(DATA PROVIDED Opens)

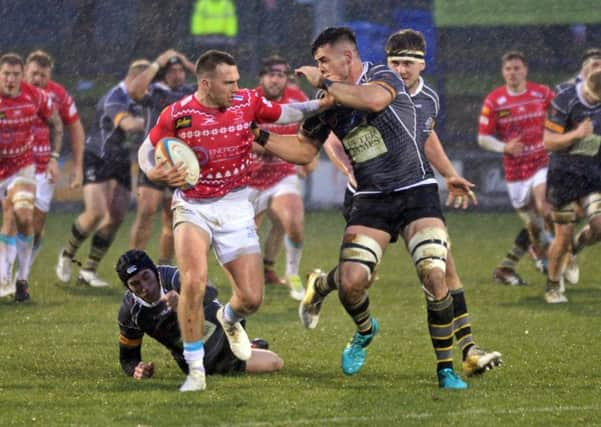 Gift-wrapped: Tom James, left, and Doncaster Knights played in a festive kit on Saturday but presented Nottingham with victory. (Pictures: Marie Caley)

(DATA PROVIDED Closes)
(DATA PROVIDED Opens)

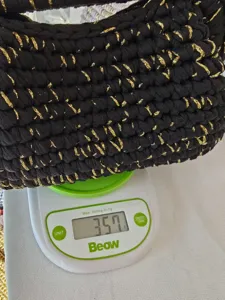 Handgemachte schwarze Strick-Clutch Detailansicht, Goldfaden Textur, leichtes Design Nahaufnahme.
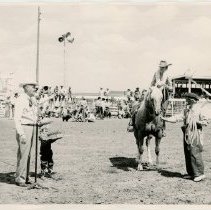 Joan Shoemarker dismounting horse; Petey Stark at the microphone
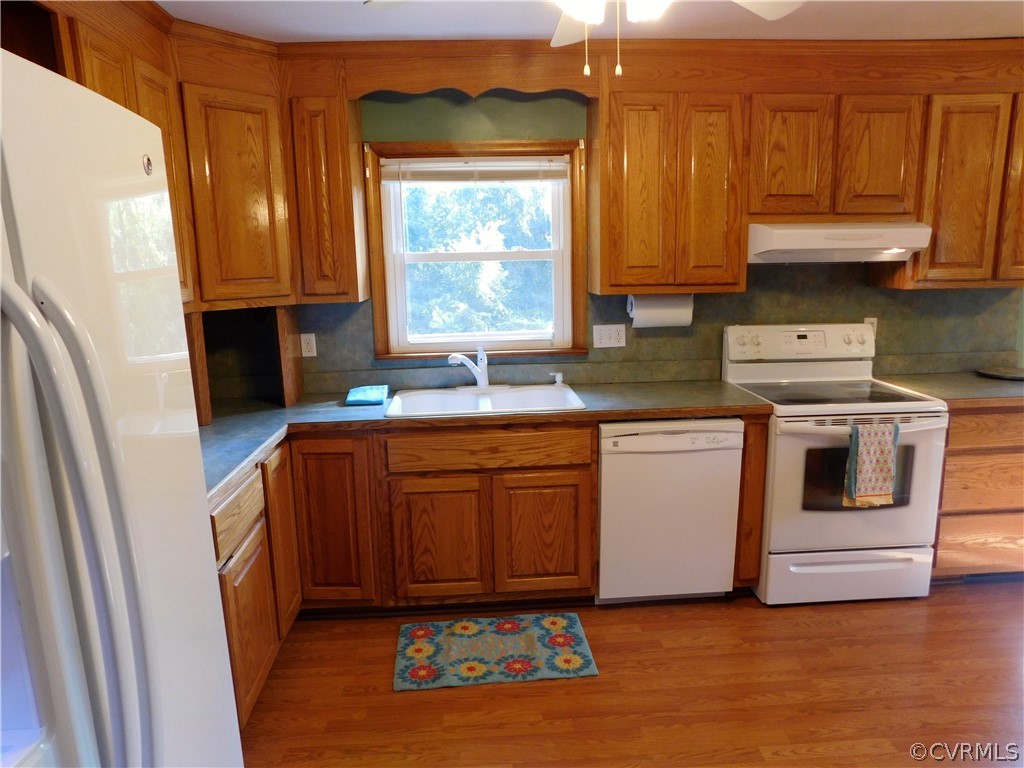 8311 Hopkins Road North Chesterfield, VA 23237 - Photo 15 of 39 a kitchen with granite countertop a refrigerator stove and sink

(DATA PROVIDED Closes)

• [EXERCISE OBJECTIVE]: Could you repeat, exactly, only the lines above starting at the one that has "Joan Shoemarker dismounting" and stopping after the one that has "8311 Hopkins Road", without the pictures?

• [EXERCISE RESPONSE]:
 Joan Shoemarker dismounting horse; Petey Stark at the microphone
 8311 Hopkins Road North Chesterfield, VA 23237 - Photo 15 of 39 a kitchen with granite countertop a refrigerator stove and sink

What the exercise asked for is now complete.